Palestine is currently considered an observer “entity,” but not an official state. To be upgraded to statehood would be a monumental move because it would grant the Palestinians access to bodies like the International Criminal Court in The Hague, which would give it the right to file complaints against Israel. It would be the same status accorded to the Vatican.
The move is adamantly opposed by the United States and Israel. They have asked to return to peace talks that collapsed in 2010 over Israeli settlement construction in the occupied West Bank.
But despite the opposition of Israel and the powerful U.S., the draft resolution is expected to pass easily when put to a vote in the 193-nation U.N. General Assembly later this month—a body composed mostly of post-colonial states historically sympathetic to the Palestinians. To further solidify their position, Palestinian diplomats are courting European countries to garner their votes.

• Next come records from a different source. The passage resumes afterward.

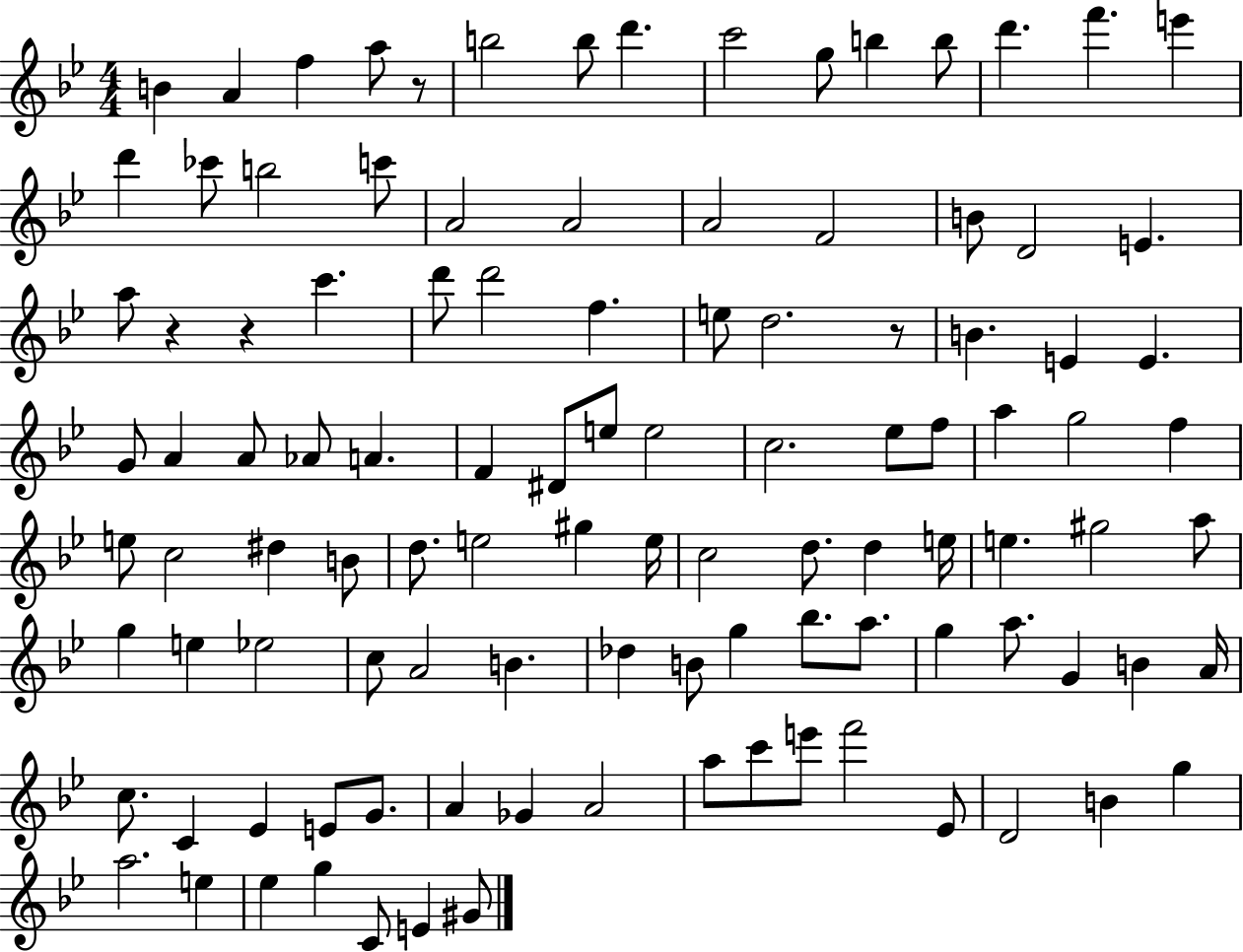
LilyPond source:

{
  \clef treble
  \numericTimeSignature
  \time 4/4
  \key bes \major
  b'4 a'4 f''4 a''8 r8 | b''2 b''8 d'''4. | c'''2 g''8 b''4 b''8 | d'''4. f'''4. e'''4 | \break d'''4 ces'''8 b''2 c'''8 | a'2 a'2 | a'2 f'2 | b'8 d'2 e'4. | \break a''8 r4 r4 c'''4. | d'''8 d'''2 f''4. | e''8 d''2. r8 | b'4. e'4 e'4. | \break g'8 a'4 a'8 aes'8 a'4. | f'4 dis'8 e''8 e''2 | c''2. ees''8 f''8 | a''4 g''2 f''4 | \break e''8 c''2 dis''4 b'8 | d''8. e''2 gis''4 e''16 | c''2 d''8. d''4 e''16 | e''4. gis''2 a''8 | \break g''4 e''4 ees''2 | c''8 a'2 b'4. | des''4 b'8 g''4 bes''8. a''8. | g''4 a''8. g'4 b'4 a'16 | \break c''8. c'4 ees'4 e'8 g'8. | a'4 ges'4 a'2 | a''8 c'''8 e'''8 f'''2 ees'8 | d'2 b'4 g''4 | \break a''2. e''4 | ees''4 g''4 c'8 e'4 gis'8 | \bar "|."
}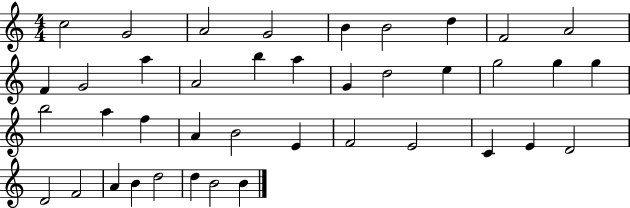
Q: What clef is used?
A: treble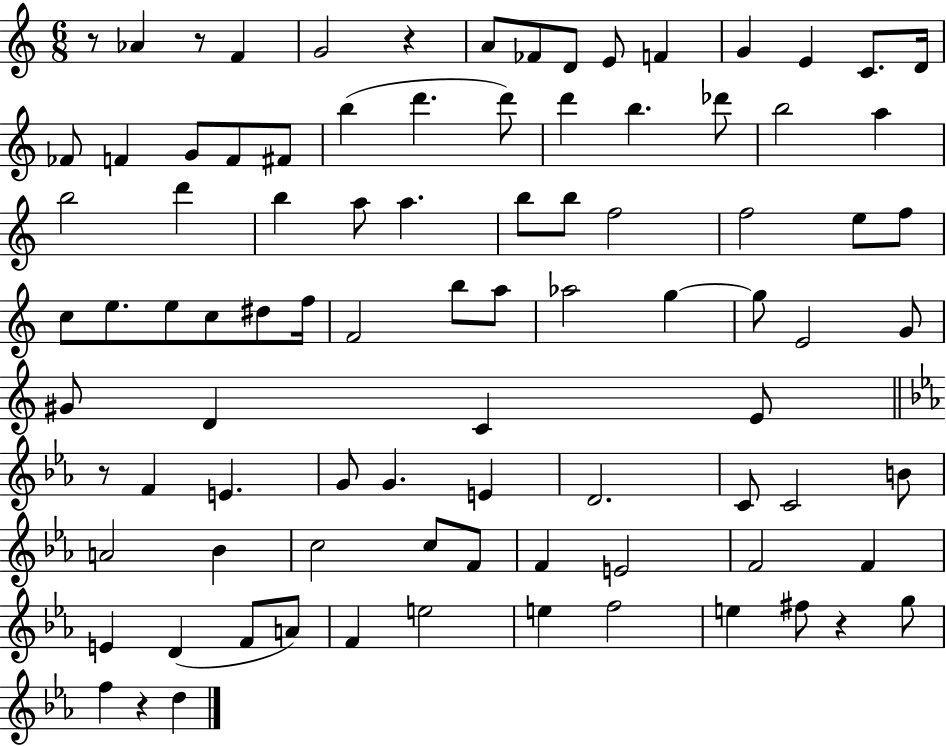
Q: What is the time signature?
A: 6/8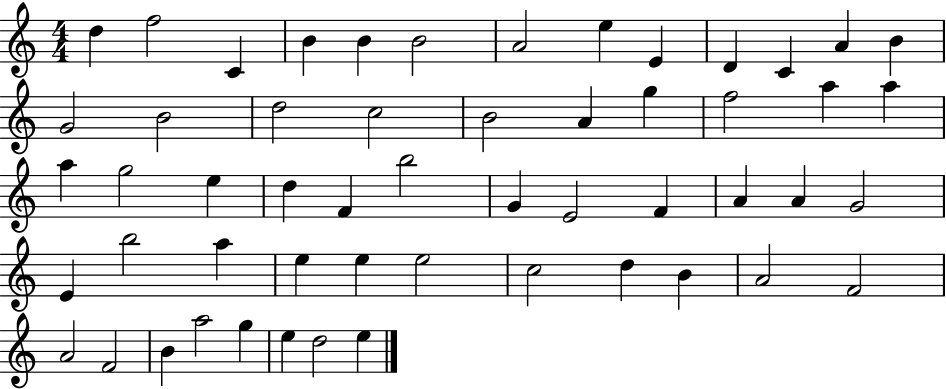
X:1
T:Untitled
M:4/4
L:1/4
K:C
d f2 C B B B2 A2 e E D C A B G2 B2 d2 c2 B2 A g f2 a a a g2 e d F b2 G E2 F A A G2 E b2 a e e e2 c2 d B A2 F2 A2 F2 B a2 g e d2 e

The resolution also reiterates the Palestinian Authority’s commitment to the “two-state solution” in which Israel and an independent Palestinian state would co-exist in peace.
The language of the draft states that the resolution would “accord to Palestine Observer State status in the United Nations system, without prejudice to the acquired rights, privileges and role of the Palestine Liberation Organization as the representative of the Palestinian people,” according to a draft obtained by Reuters.
Palestine lost a bid to become a full member of the U.N. last year, partly because of the opposition of the United States in the U.N. Security Council. This is Palestine’s attempt to do an end-run around the U.S.
Palestinian officials believe they have around 115 “yes” votes in the General Assembly, mostly from Arab, African, Latin American and Asian states, and expect around 22 “no” votes, led by the United States, as well as 56 abstentions.
No date for a vote has been set. According to some Western diplomats, the U.S. and European officials are lobbying the Palestinians to persuade them to delay the move to allow newly re-elected President Obamatime to try to restart Middle East peace talks. Israel has threatened to cancel the Paris Protocol—a key economic accord it maintains with the cash-strapped Palestinian Authority—if Palestine pushes the statehood matter, trying to use the financial leverage it has over Palestine.
The U.S. has also threatened to use its financial hammer, suggesting that funding for the Palestinians and possibly some funding for the United Nations could be at risk if the Palestinians seek a U.N. upgrade.